* _Supplied material_
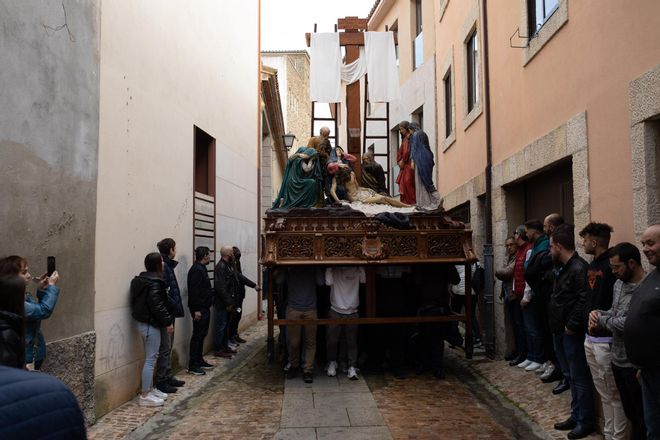 GALERÍA | Las mejores imágenes del traslado de los grupos escultóricos de Zamora a la carpa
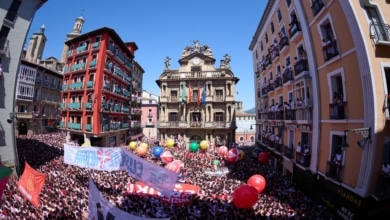 Viva San Fermín... y "destroy Israel": las mejores imágenes del chupinazo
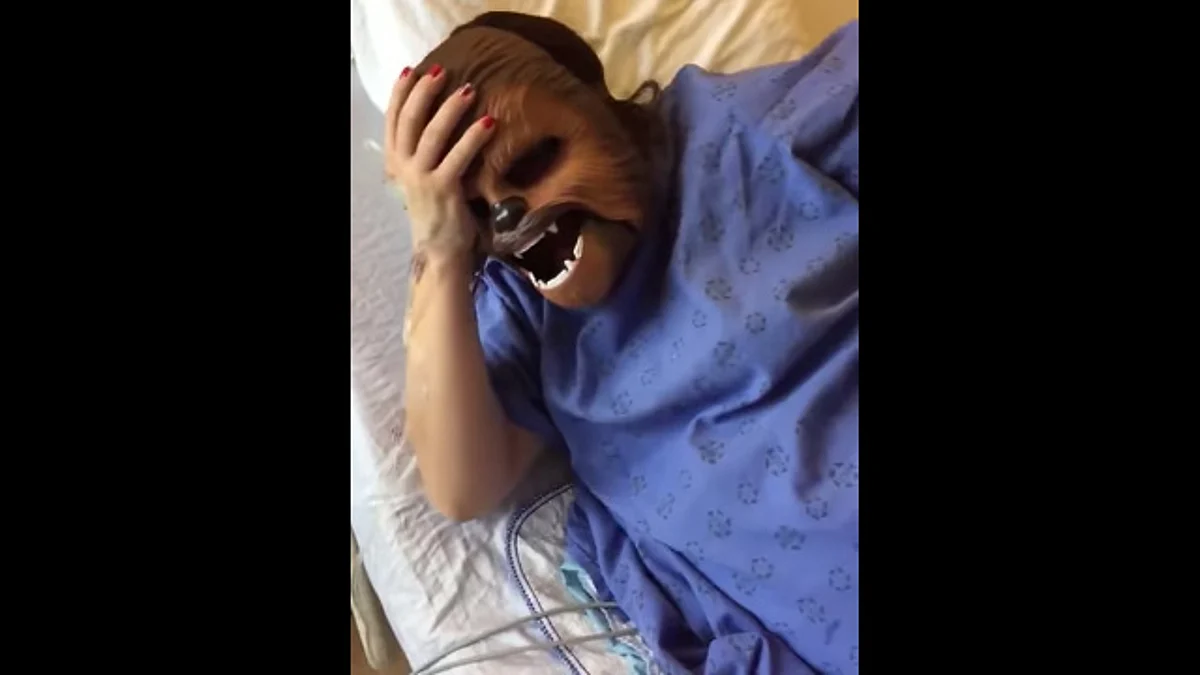 Video: Joven mujer se vuelve viral al usar máscara de Chewbacca durante su labor de parto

* _Exercise_
The preceding listing is to be restated word for word, with every picture omitted.

* _Result below_
 GALERÍA | Las mejores imágenes del traslado de los grupos escultóricos de Zamora a la carpa
 Viva San Fermín... y "destroy Israel": las mejores imágenes del chupinazo
 Video: Joven mujer se vuelve viral al usar máscara de Chewbacca durante su labor de parto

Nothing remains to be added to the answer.